Work request -
All lines from the line containing "img 3 attached" up to and including the last line of the entries must be written out exactly, with no others.

Web page caption snippets
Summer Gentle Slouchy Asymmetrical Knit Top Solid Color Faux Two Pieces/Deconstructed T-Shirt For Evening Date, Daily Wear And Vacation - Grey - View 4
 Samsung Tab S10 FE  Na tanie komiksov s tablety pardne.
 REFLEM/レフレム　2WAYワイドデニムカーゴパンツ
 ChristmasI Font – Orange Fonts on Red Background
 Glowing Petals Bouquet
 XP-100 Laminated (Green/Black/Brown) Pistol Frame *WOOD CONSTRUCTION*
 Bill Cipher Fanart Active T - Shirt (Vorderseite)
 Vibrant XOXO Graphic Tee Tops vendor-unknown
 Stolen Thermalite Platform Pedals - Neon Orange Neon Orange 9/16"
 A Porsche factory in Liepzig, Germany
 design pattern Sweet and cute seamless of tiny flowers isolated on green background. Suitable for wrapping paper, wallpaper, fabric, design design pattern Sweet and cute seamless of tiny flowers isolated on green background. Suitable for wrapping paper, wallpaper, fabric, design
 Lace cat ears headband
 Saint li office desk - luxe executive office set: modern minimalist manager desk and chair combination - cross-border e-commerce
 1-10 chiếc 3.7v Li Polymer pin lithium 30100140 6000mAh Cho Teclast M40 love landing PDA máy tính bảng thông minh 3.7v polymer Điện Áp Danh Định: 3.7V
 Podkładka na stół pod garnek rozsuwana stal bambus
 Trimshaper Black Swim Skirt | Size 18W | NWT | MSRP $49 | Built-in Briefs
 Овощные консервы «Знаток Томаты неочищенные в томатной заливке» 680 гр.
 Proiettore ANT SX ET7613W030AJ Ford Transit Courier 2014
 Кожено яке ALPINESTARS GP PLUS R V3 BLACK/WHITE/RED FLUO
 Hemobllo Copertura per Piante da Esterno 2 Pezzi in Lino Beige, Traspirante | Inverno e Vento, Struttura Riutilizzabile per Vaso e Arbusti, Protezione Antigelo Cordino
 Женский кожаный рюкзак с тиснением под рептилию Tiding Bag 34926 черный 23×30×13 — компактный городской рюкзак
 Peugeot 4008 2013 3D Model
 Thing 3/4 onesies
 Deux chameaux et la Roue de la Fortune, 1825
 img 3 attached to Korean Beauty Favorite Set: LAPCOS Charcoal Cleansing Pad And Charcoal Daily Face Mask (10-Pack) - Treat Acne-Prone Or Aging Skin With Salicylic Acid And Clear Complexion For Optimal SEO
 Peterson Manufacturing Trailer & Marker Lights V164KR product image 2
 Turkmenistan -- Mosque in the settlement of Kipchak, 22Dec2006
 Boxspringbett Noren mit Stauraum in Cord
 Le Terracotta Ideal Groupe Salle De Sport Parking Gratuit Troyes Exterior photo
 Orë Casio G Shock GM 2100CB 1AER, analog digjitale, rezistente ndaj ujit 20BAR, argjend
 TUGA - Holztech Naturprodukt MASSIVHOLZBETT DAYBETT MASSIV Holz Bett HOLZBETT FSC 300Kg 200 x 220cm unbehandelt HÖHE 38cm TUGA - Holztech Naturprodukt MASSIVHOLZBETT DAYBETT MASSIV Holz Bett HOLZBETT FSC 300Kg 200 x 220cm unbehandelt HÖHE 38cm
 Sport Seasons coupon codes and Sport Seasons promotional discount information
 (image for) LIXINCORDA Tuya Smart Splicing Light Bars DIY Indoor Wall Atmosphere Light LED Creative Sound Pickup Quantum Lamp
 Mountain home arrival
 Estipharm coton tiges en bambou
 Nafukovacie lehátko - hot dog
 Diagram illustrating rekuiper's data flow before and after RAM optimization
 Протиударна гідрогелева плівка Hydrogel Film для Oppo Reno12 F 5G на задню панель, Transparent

Solution -
 img 3 attached to Korean Beauty Favorite Set: LAPCOS Charcoal Cleansing Pad And Charcoal Daily Face Mask (10-Pack) - Treat Acne-Prone Or Aging Skin With Salicylic Acid And Clear Complexion For Optimal SEO
 Peterson Manufacturing Trailer & Marker Lights V164KR product image 2
 Turkmenistan -- Mosque in the settlement of Kipchak, 22Dec2006
 Boxspringbett Noren mit Stauraum in Cord
 Le Terracotta Ideal Groupe Salle De Sport Parking Gratuit Troyes Exterior photo
 Orë Casio G Shock GM 2100CB 1AER, analog digjitale, rezistente ndaj ujit 20BAR, argjend
 TUGA - Holztech Naturprodukt MASSIVHOLZBETT DAYBETT MASSIV Holz Bett HOLZBETT FSC 300Kg 200 x 220cm unbehandelt HÖHE 38cm TUGA - Holztech Naturprodukt MASSIVHOLZBETT DAYBETT MASSIV Holz Bett HOLZBETT FSC 300Kg 200 x 220cm unbehandelt HÖHE 38cm
 Sport Seasons coupon codes and Sport Seasons promotional discount information
 (image for) LIXINCORDA Tuya Smart Splicing Light Bars DIY Indoor Wall Atmosphere Light LED Creative Sound Pickup Quantum Lamp
 Mountain home arrival
 Estipharm coton tiges en bambou
 Nafukovacie lehátko - hot dog
 Diagram illustrating rekuiper's data flow before and after RAM optimization
 Протиударна гідрогелева плівка Hydrogel Film для Oppo Reno12 F 5G на задню панель, Transparent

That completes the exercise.